Sebagaimana diketahui, Cavani meminta hengkang lantaran sepanjang musim kompetisi 2019-2020 di PSG ia hanya sedikit mendapat menit bermain. Di bursa transfer musim dingin ini, Cavani pun sempat dikaitkan dengan sejumlah klub, seperti Manchester United, Chelsea, Atletico Madrid, hingga klub MLS, Inter Miami.
Baca juga: Lampard Konfirmasi Giroud Akan Bertahan di Chelsea
Dari nama-nama tersebut, Atletico diketahui sebagai klub yang paling dekat mendapatkan jasa Cavani. Bahkan, Atletico disebut sudah memiliki kesepakatan personal dengan striker asal Uruguay tersebut. Akan tetapi, hingga akhir bursa transfer musim dingin, Atletico tak menemui kesepakatan dengan PSG perihal biaya transfer sang striker.
Pada akhirnya, Cavani harus bertahan di PSG hingga 30 Juni 2020, ketika kontraknya bersama Les Parisiens berakhir. Setelah itu, Cavani baru bisa bergabung dengan Atletico dengan status bebas transfer alias gratis.

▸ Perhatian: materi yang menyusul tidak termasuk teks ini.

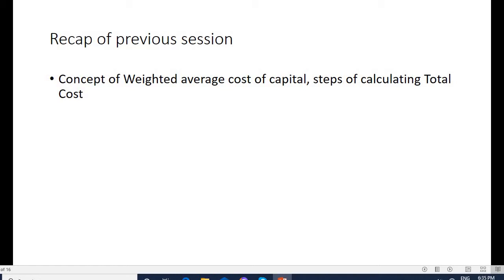For example, if total capital raised is 10 lakh — 2 lakh from equity, 4 lakh from debt, 2 lakh from preference, and 2 lakh from retained earnings — then 2 lakh divided by 10 lakh gives the proportion of equity in total capital. Similarly, debt divided by total capital gives the weights. Those weights are multiplied with their respective costs; if cost of equity is 10%, then weight of equity multiplied by 10% gives the weighted cost of equity.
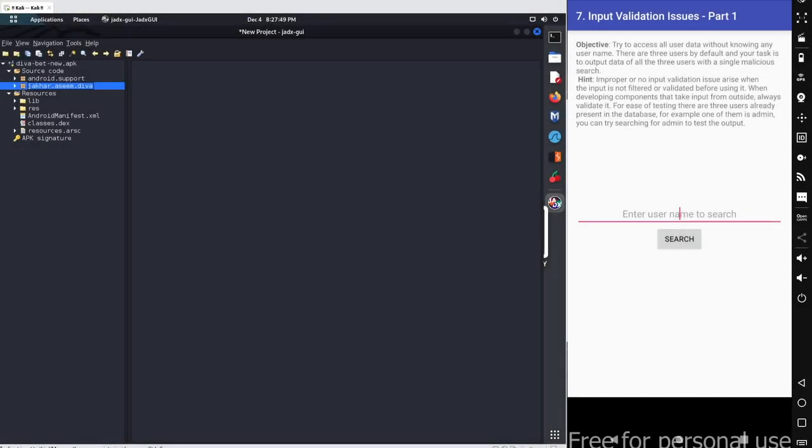In this particular session, we will continue with our next scenario from the DIVA beta application. So let's get started. I am using my Android emulator here on the right hand side where I have already opened the input validation issue part 1. Next is our next scenario here. And on the left hand side I am using my Kali Linux which is running in VMware VirtualBox and I am also running my JADX here with the DIVA beta application.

Menanggapi situasi ini, Tuchel tak ingin ambil pusing. Untuk saat ini ia hanya merasa senang karena Cavani tetap bertahan di timnya, sehingga Tuchel tak perlu mencari pengganti sang striker. Tuchel pun memuji Cavani sebagai pemain hebat yang dibutuhkan oleh tim.

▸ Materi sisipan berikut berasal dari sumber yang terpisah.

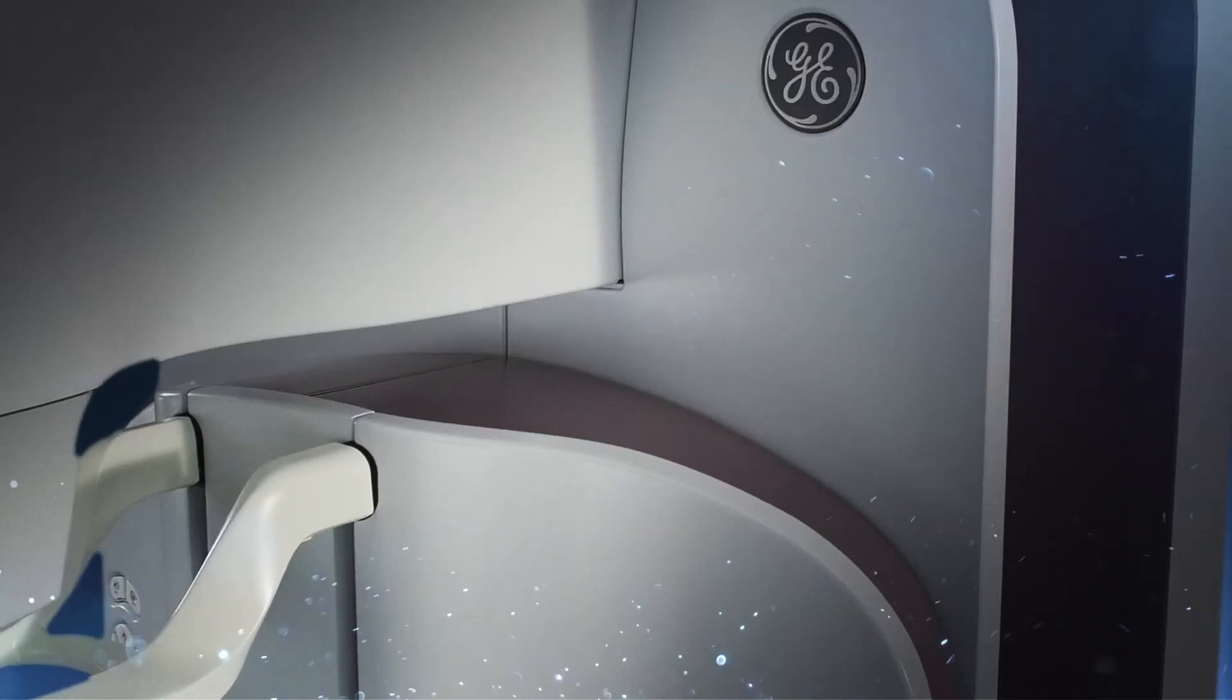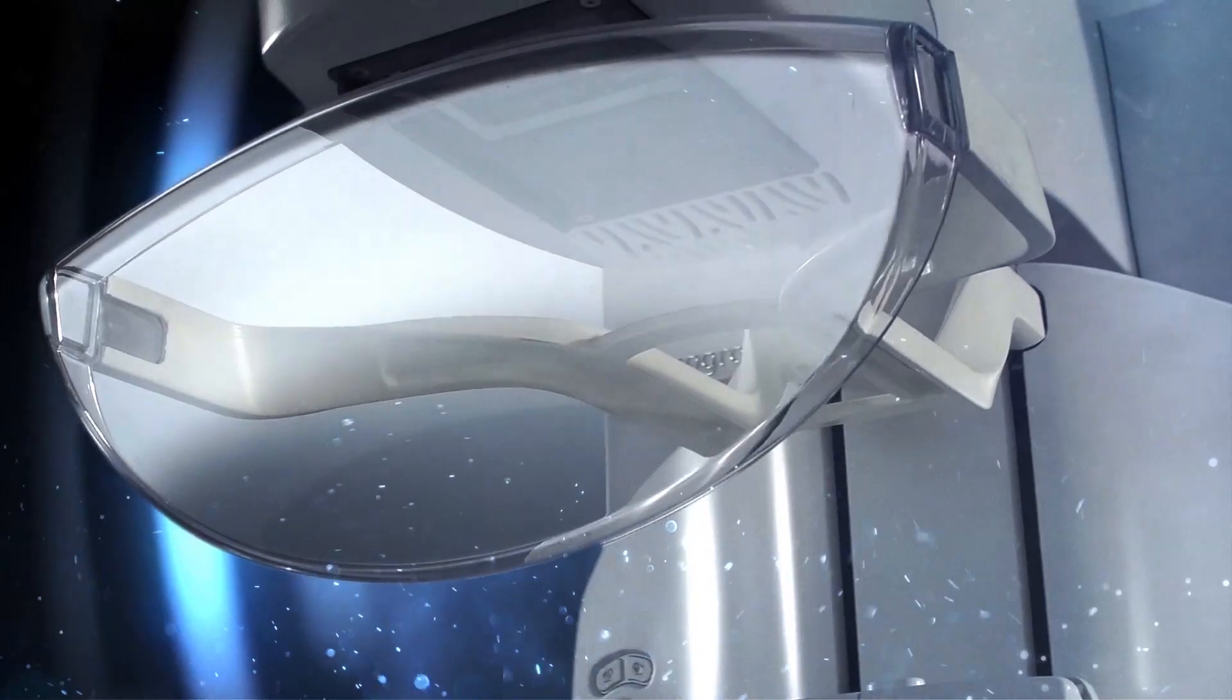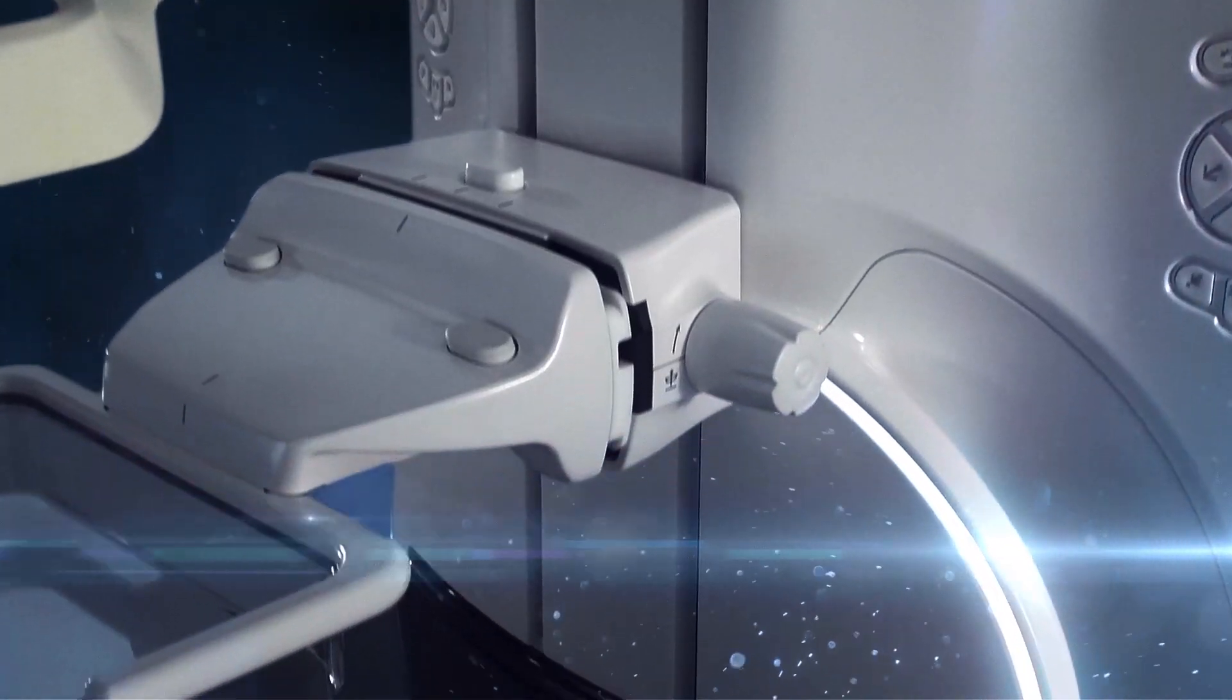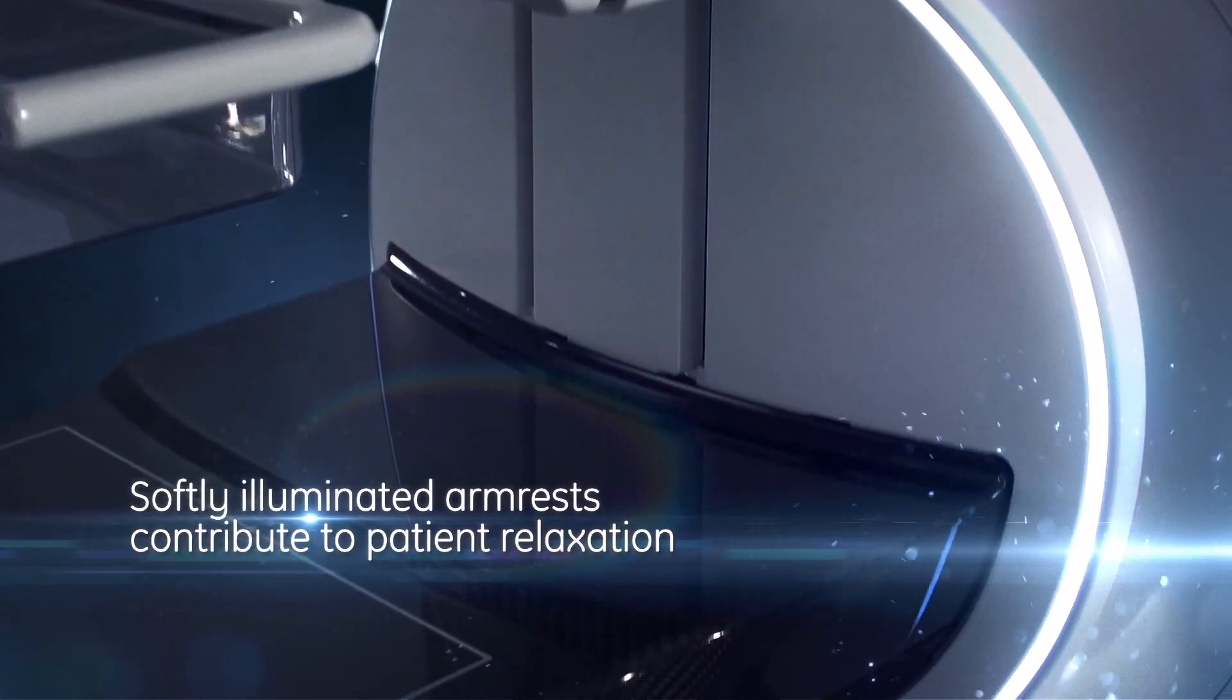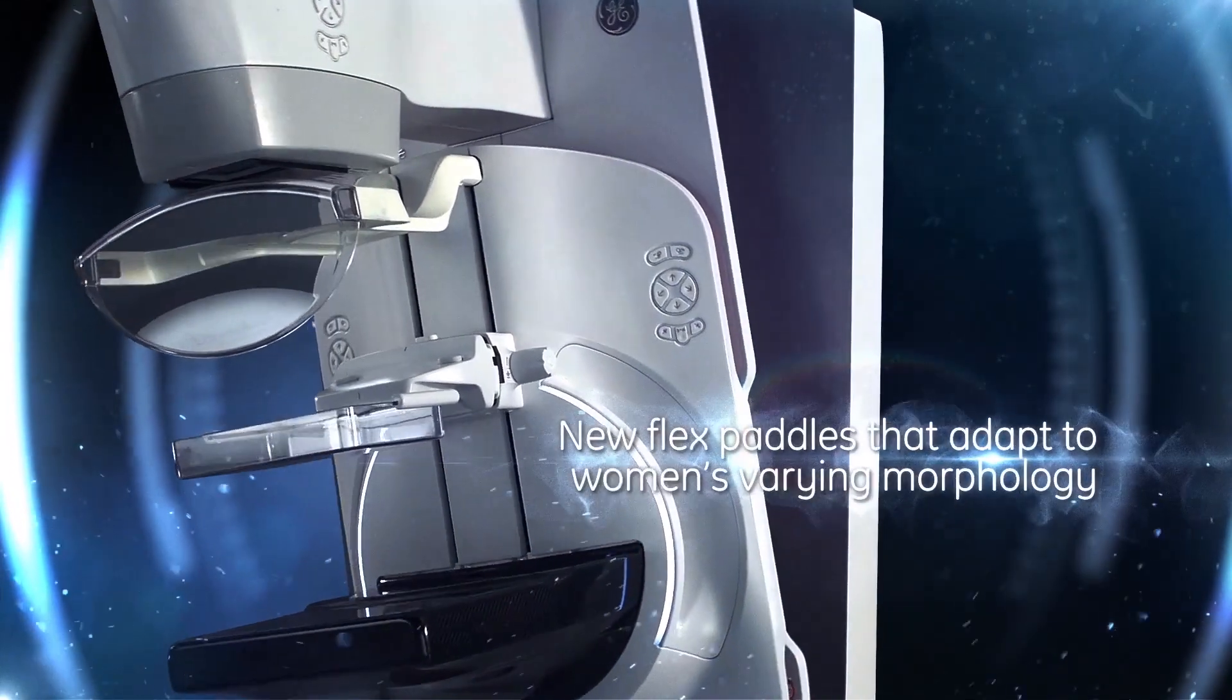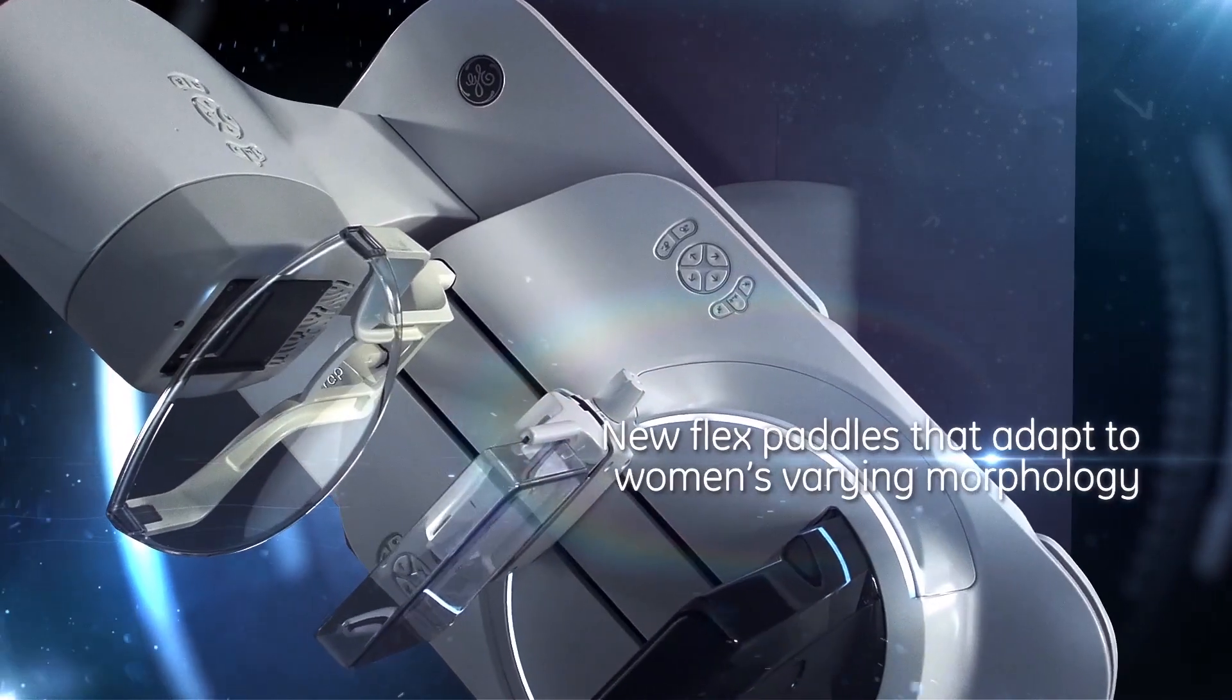Senagraph Pristina is engineered to ease a woman's anxiety from the moment she enters the exam room. Clean lines, sensitive design, and newly imagined ergonomics enable a space of comfort and support.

“Ada situasi yang lebih buruk dalam hidup daripada tetap bertahan di PSG. Saya pikir dia akan merasa baik. Dia harus mendapatkan kembali kepercayaan dan ritme. Edi ada di sini, dia pemain hebat. Kami tidak perlu mengubah grup ini dan itu bagus,” jelas Tuchel, melansir dari Sky Sports, Sabtu (1/2/2020).